After spending a few months hand coding a NLP parser, am rather intrigued by LSTM. I like the idea of finding coefficients, as opposed to juggling artificial labels.

Yes, my mistake. Their claim is that SyntaxNet (originally described in the paper and improved over one month) is the best in field, whereas Parsey McParseface is just one trained instance.
> SyntaxNet improved over one month ... whereas Parsey McParseface is just one trained instance

Cool. I wonder how much how much Human effort (vs machine time) went into tweaking SyntaxNet versus tweaking Parsey M.?
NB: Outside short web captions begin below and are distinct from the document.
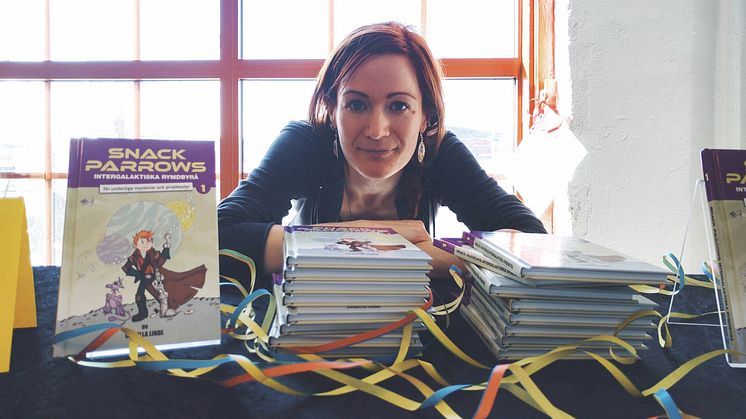 Camilla Linde har skrivit böckerna om Snack Parrow och håller workshops för barn under Vetenskapsfestivalen i Göteborg.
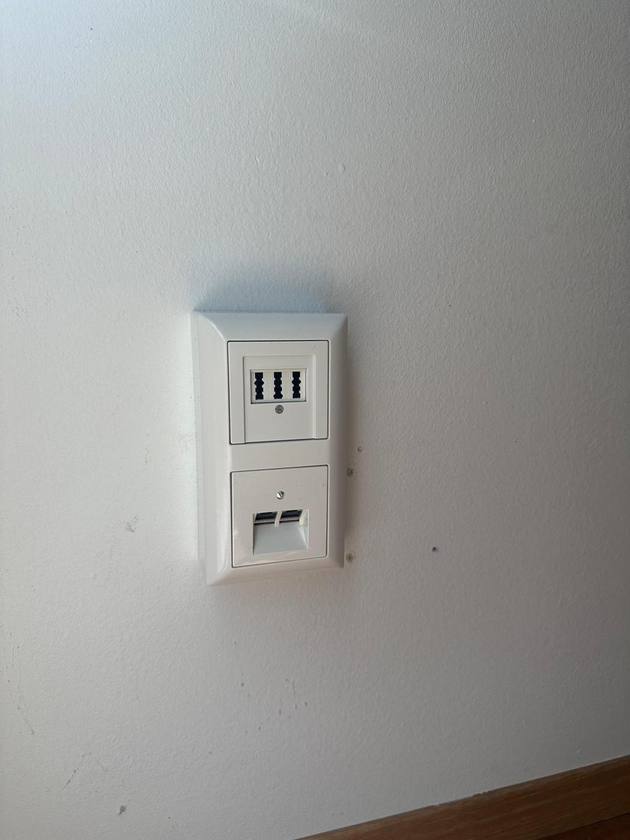 Zwei Netzwerkanschlüsse in einer weißen Wanddose in Biberach.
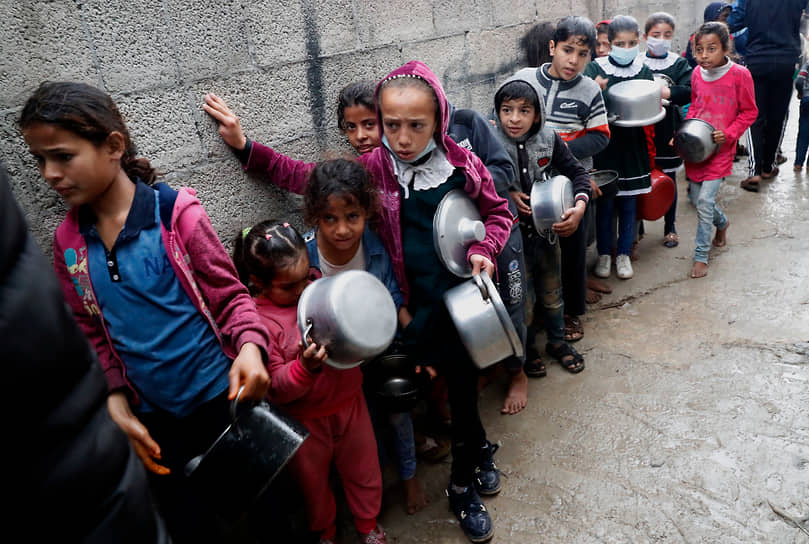 Газа, Палестина. Дети стоят в очереди за едой
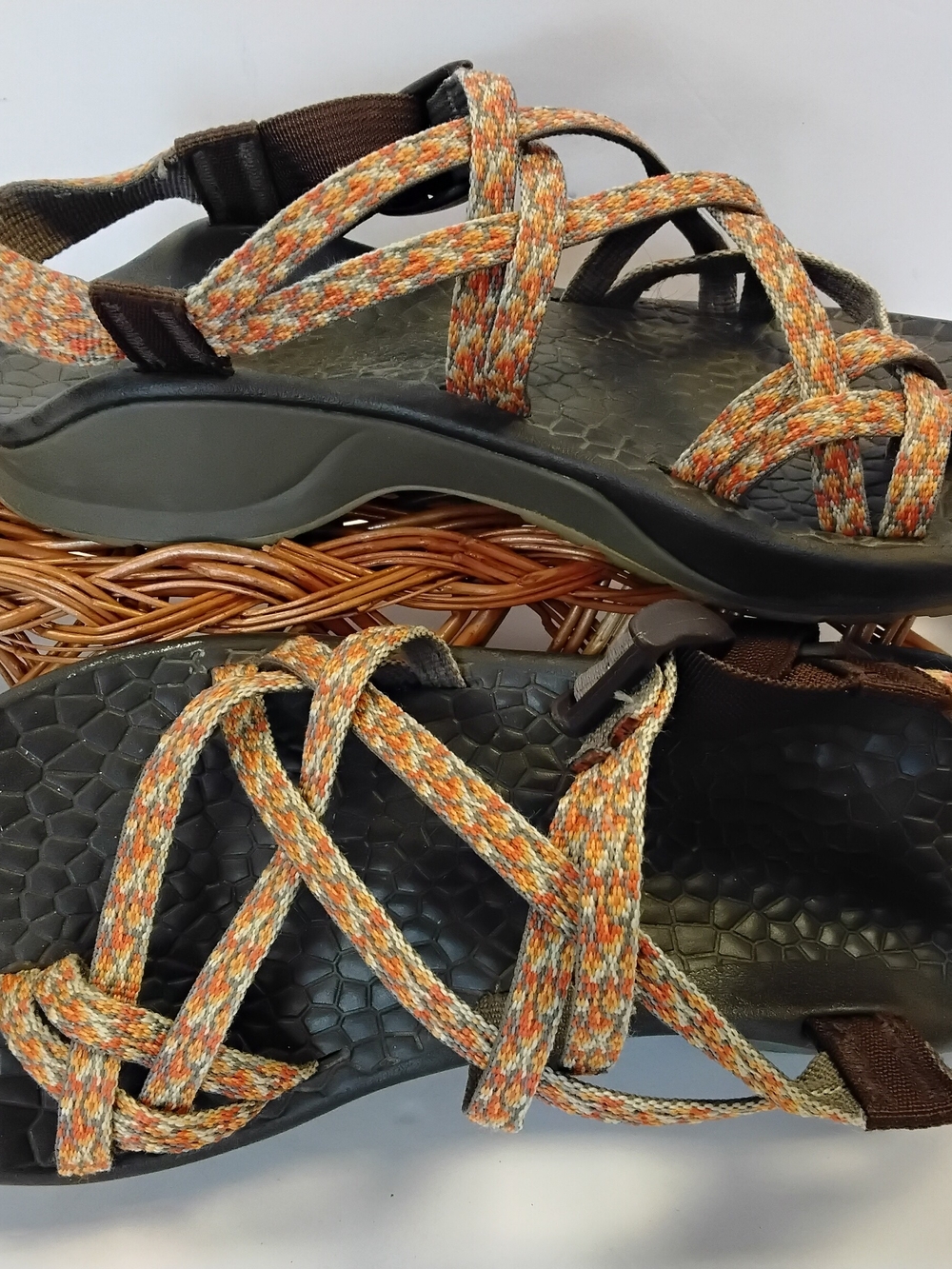 CHACO VIbram Women’s S/8.5 Multi-Color Strappy Comfort Sandals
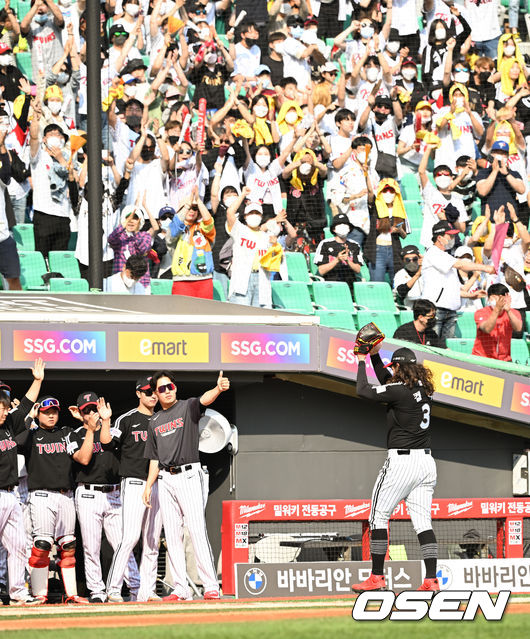 22일 오후 인천SSG랜더스필드에서 ‘2022 신한은행 SOL KBO리그’ SSG 랜더스와 LG 트윈스의 경기가 진행됐다.7회말 이닝종료 후 LG 선발투수 켈리가 팬들에게 박수를 치며 마운드을 내려가고 있다 2022.05.22 / soul1014@osen.co.kr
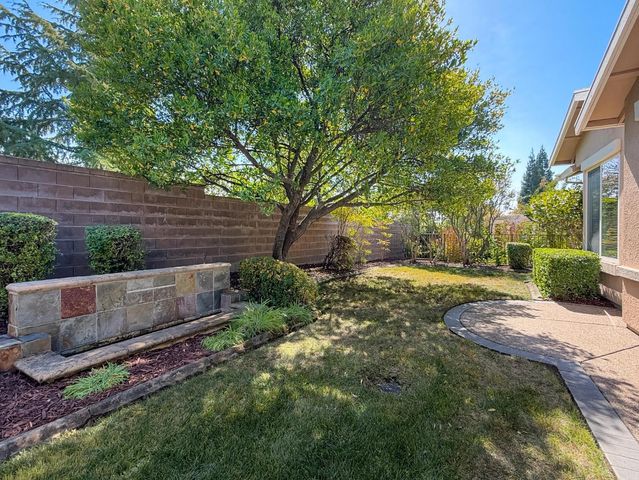1143 Fairway Valley Ln, Lincoln, CA 95648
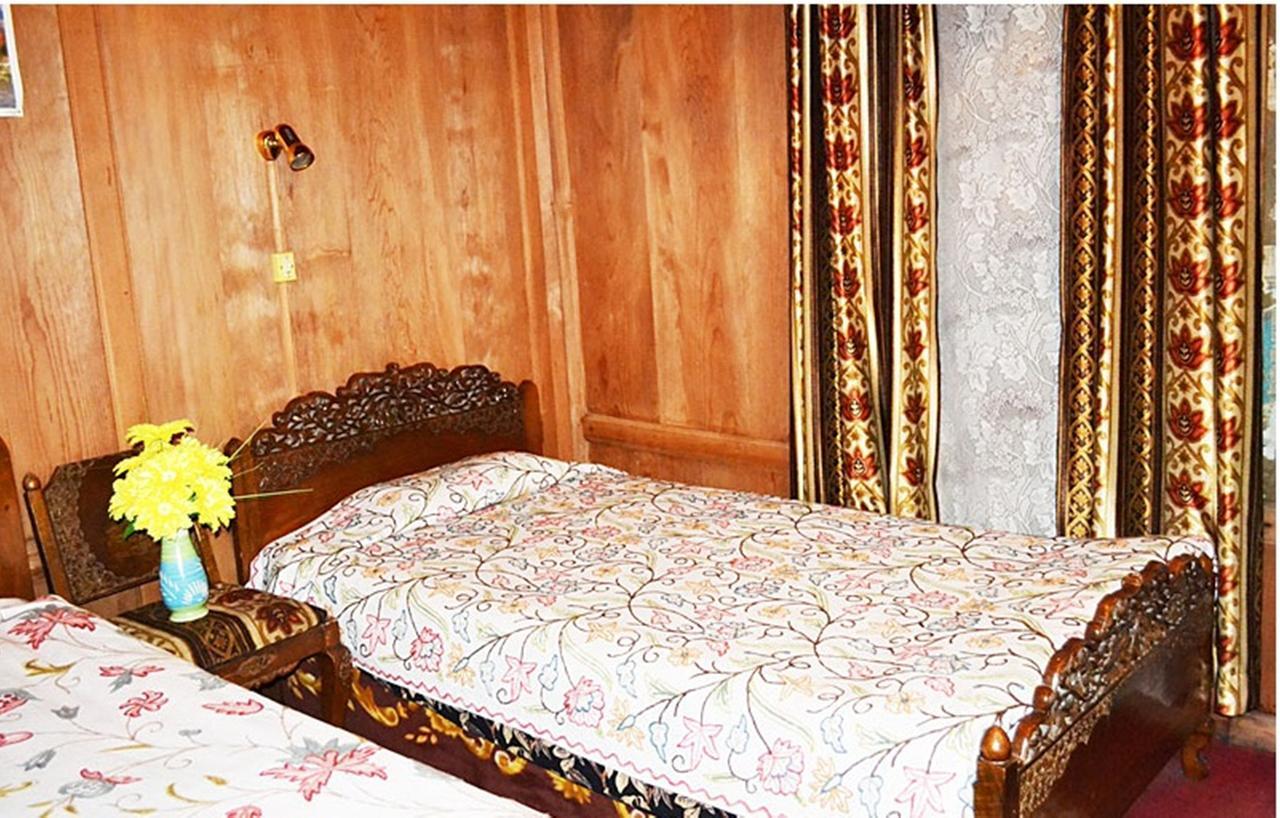 Morning Star Group Of Houseboats Hotel Srīnagar Esterno foto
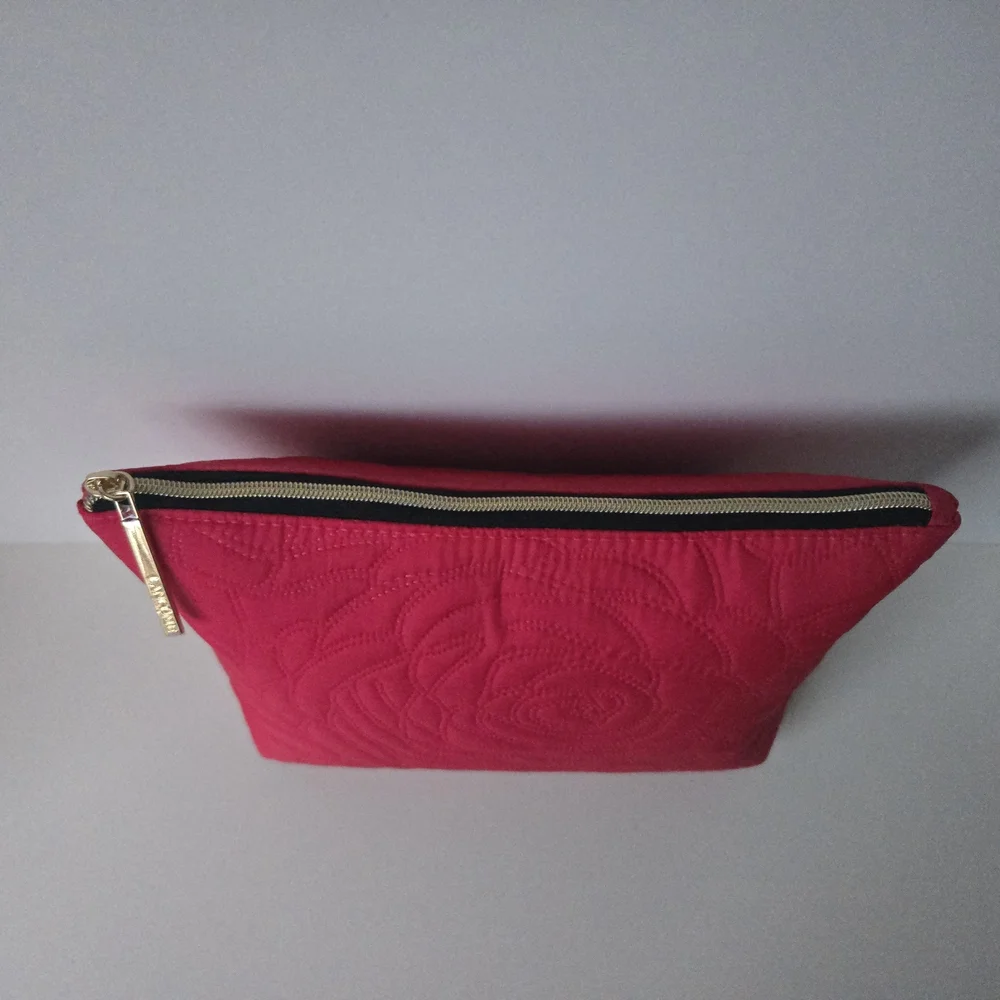 Stunning Lancôme Quilted Fuchsia Rose Makeup Bag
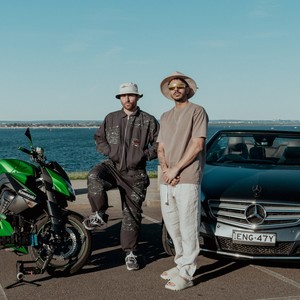 Mina Maluca (feat. Alex Dias)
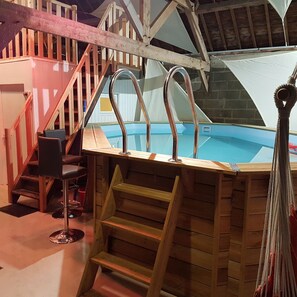 Indoor pool, a heated pool - PREMIUM 5 STAR RENTALS (Pluméliau)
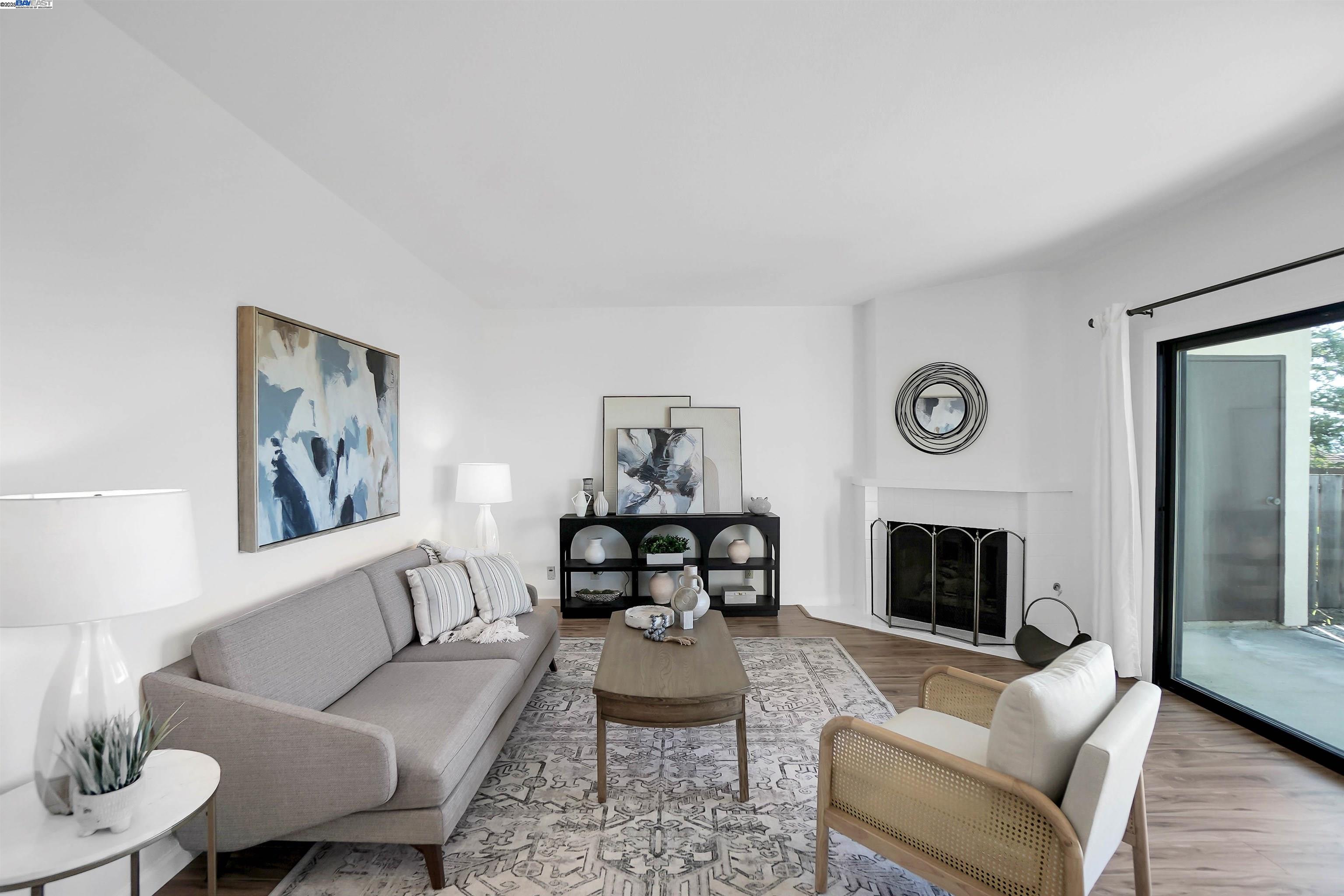 MLS: 41083166 Condo For Sale
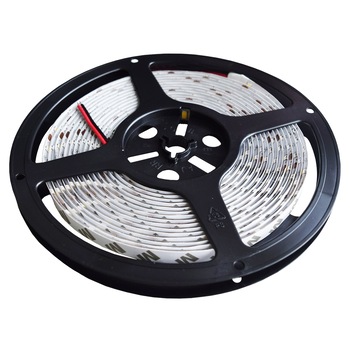Banda LED 5M Rebel, IP65, alb cald Banda LED 5M Rebel, IP65, alb cald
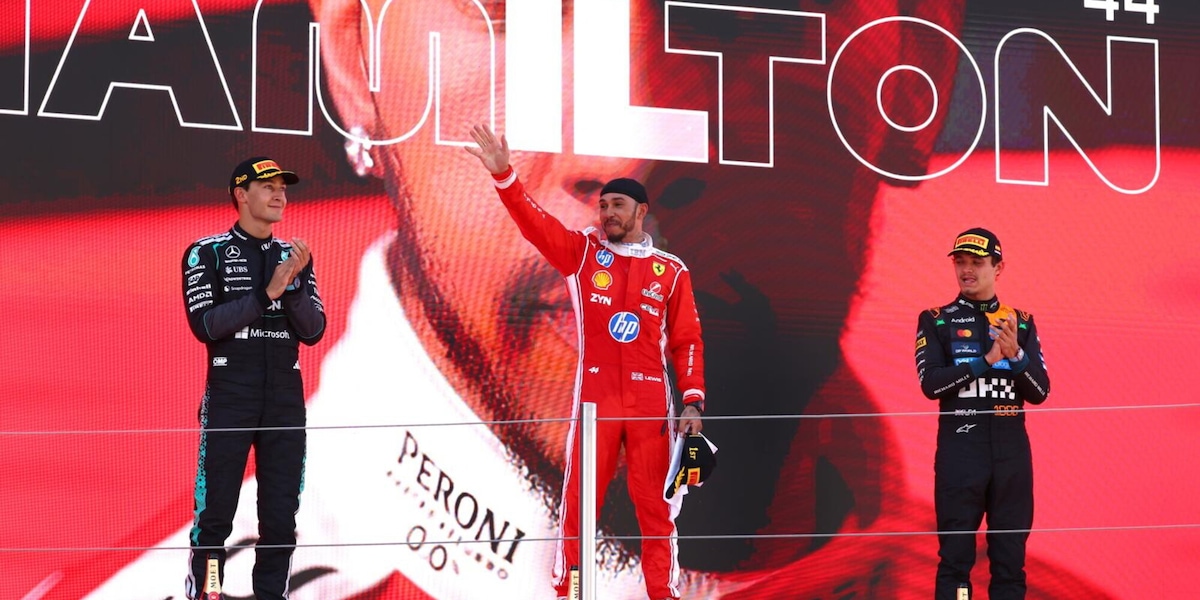 Le lacrime, l'urlo di gioia e le parole in italiano di Lewis Hamilton: la prima vittoria con la Ferrari è indimenticabile
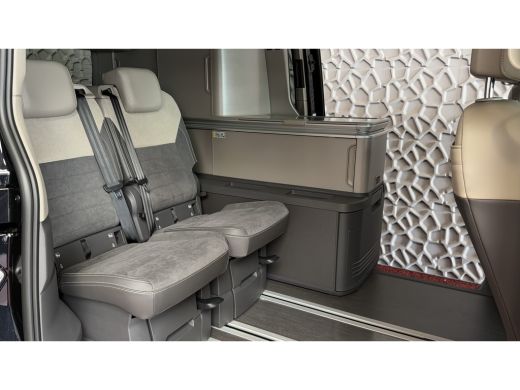 Volkswagen Transporter Ocean eHybrid 245pk Trekhaak 19''lmv hydraulisch hefdak Stoel/stuur verw. phev plug in hybrid ActivLease financial lease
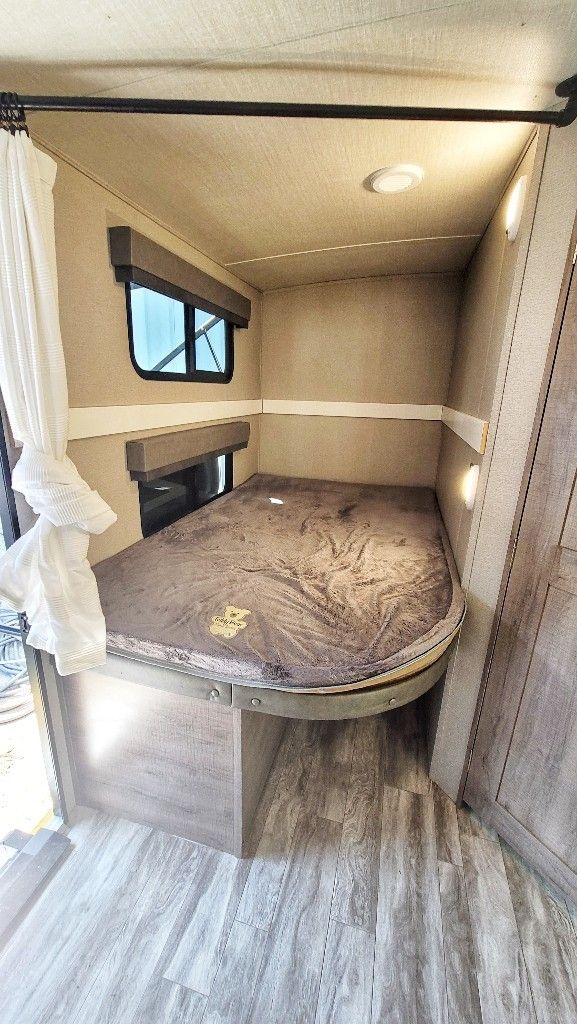 Photo 4 - 2019 Grand Design Travel Trailer rental photo 6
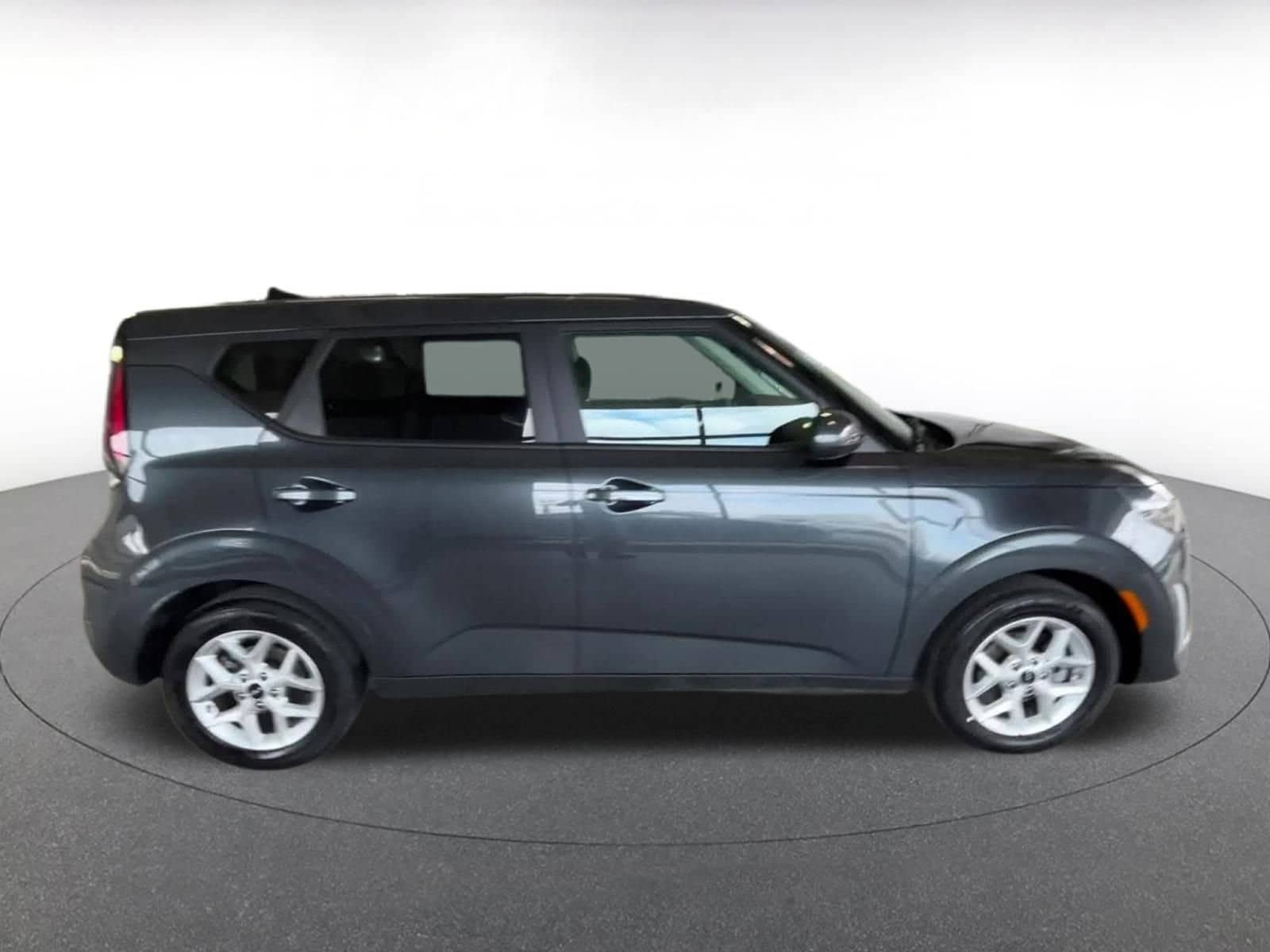 Thumbnail: 2025 Kia Soul - 15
Coincidentally, I had a parent/teacher conference with my 1st grader's teacher yesterday afternoon. Regarding reading level & comprehension, she remarked that current research indicates anything below about 98% comprehension isn't sufficient for reading "fluency". Before the past few years, the standard was 95% comprehension = fluency, but that extra few percentage points apparently make an enormous difference (probably because of colloquial & jargon edge case usages that carry specific meanings in specific contexts, but which aren't easy to programmatically detect, but that's just my supposition).
Sorry, but that just doesn't make any sense to me. Practically 70% seems like enough to understand most narrative. I've read some really difficult texts (translated German theology) and for anything of meaningful complexity 98% is unreachable without a huge vocabulary and understanding of both oddities of grammar and the construction of narrative or argument.
The paper you mention is the world's best results and is macparseface with broader beam search and more hidden layers.

This is an opensourcing of the March 2016 method (syntaxnet, note that in the paper there are results from several trained models) as well as a trained model that is comparable in performance but faster (macparseface).

It is very hard to separate those two things from the way they write.